Task directions -
Only the lines from the one holding "Maserati Ghibli 3.0" to the end of the data should be echoed, exactly as they appear, minus the pictures.

Provided data -

================================

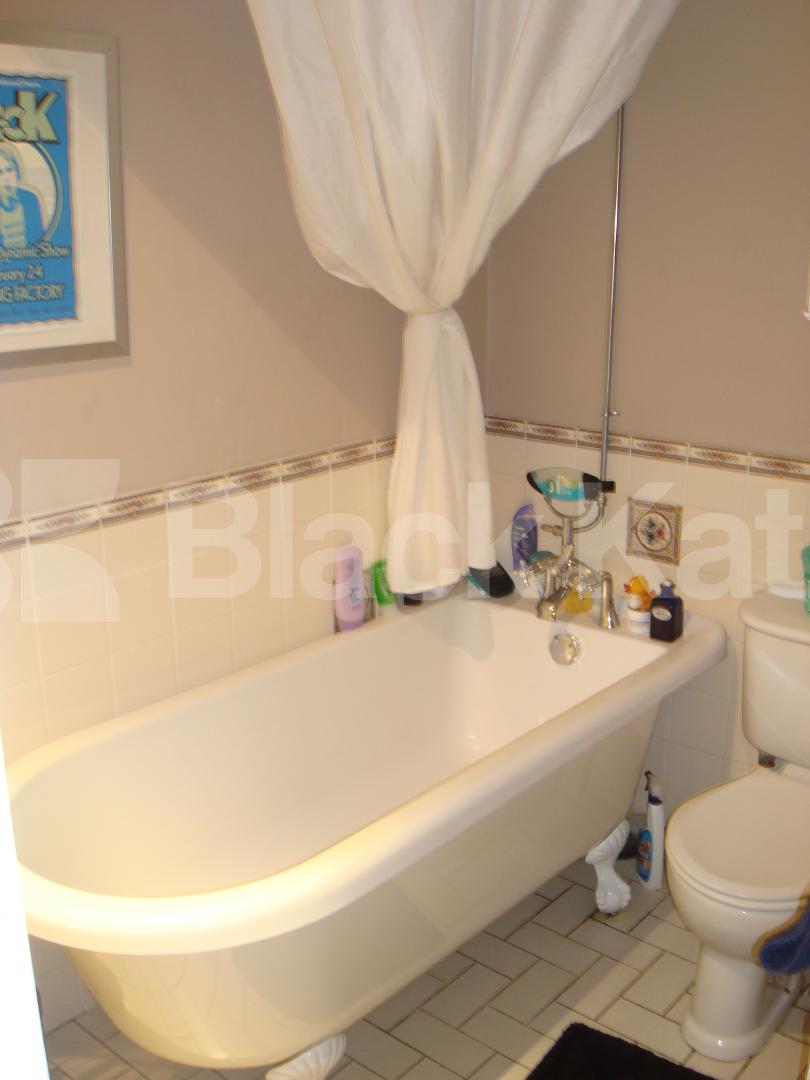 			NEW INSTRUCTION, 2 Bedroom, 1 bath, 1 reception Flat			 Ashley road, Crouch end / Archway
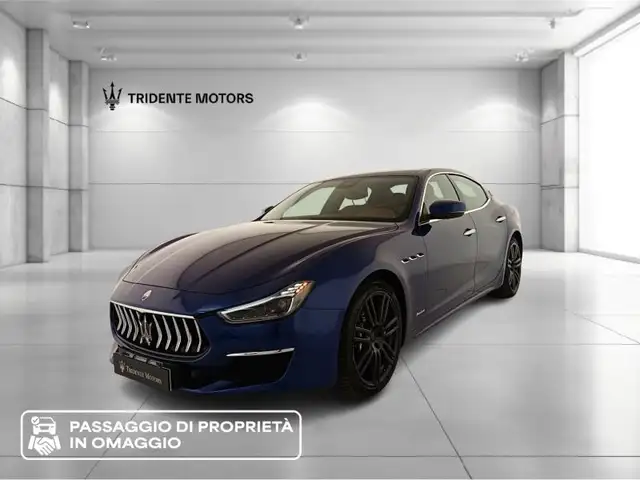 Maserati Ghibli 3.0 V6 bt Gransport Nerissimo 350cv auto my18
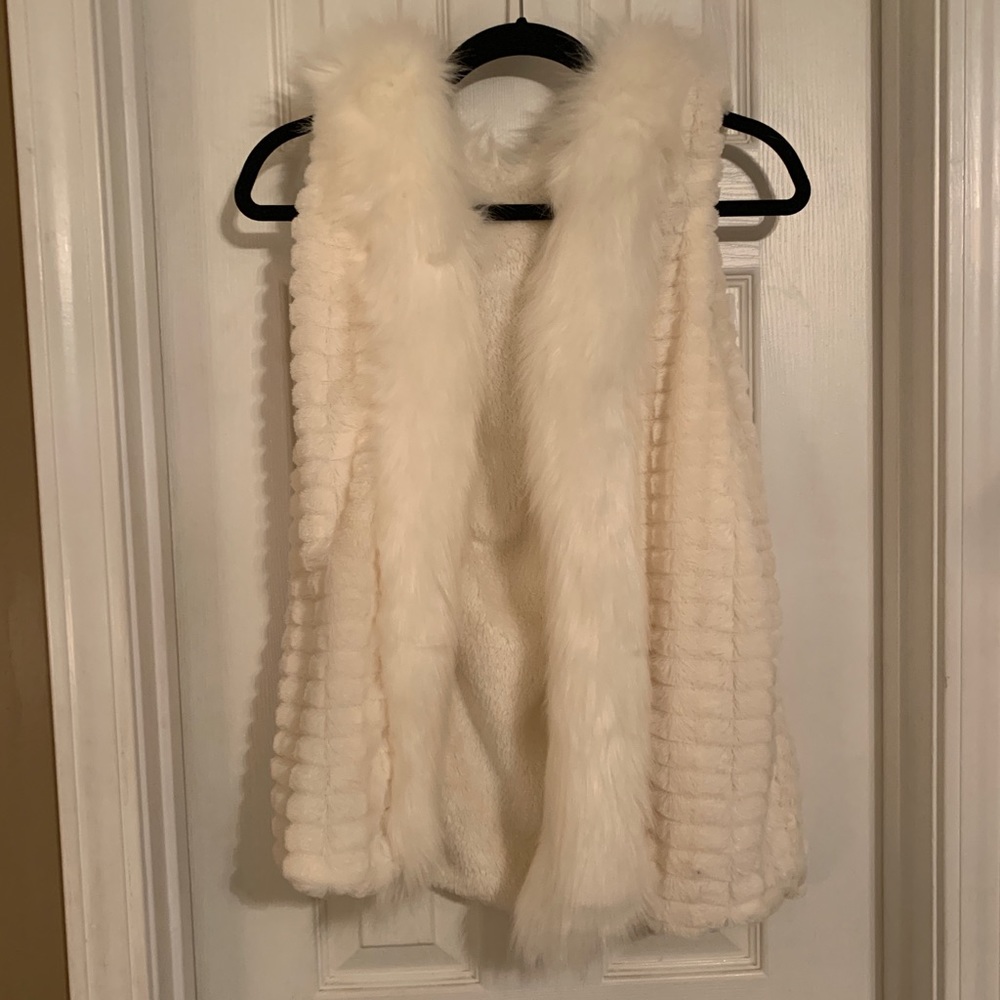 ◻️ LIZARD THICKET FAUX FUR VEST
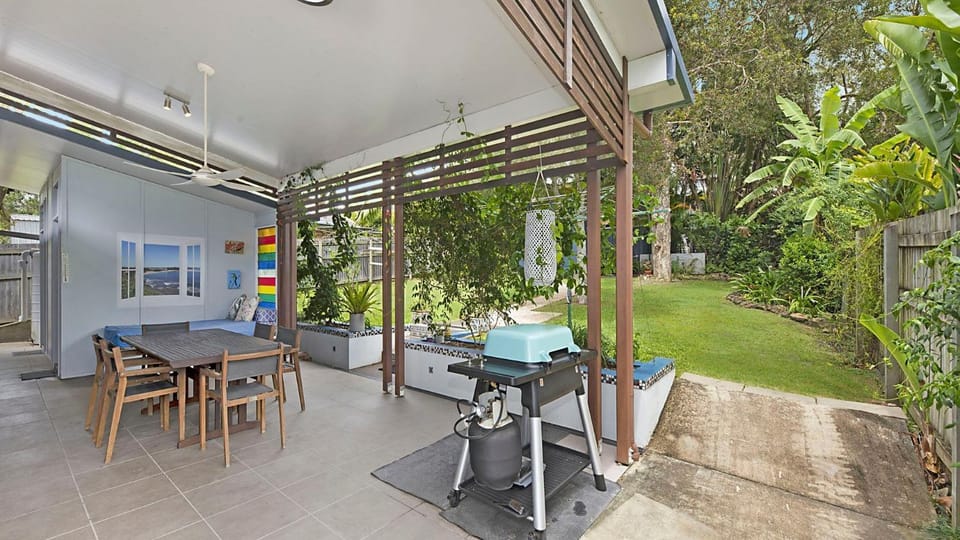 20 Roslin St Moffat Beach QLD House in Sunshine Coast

================================

Task response -
 Maserati Ghibli 3.0 V6 bt Gransport Nerissimo 350cv auto my18
 ◻️ LIZARD THICKET FAUX FUR VEST
 20 Roslin St Moffat Beach QLD House in Sunshine Coast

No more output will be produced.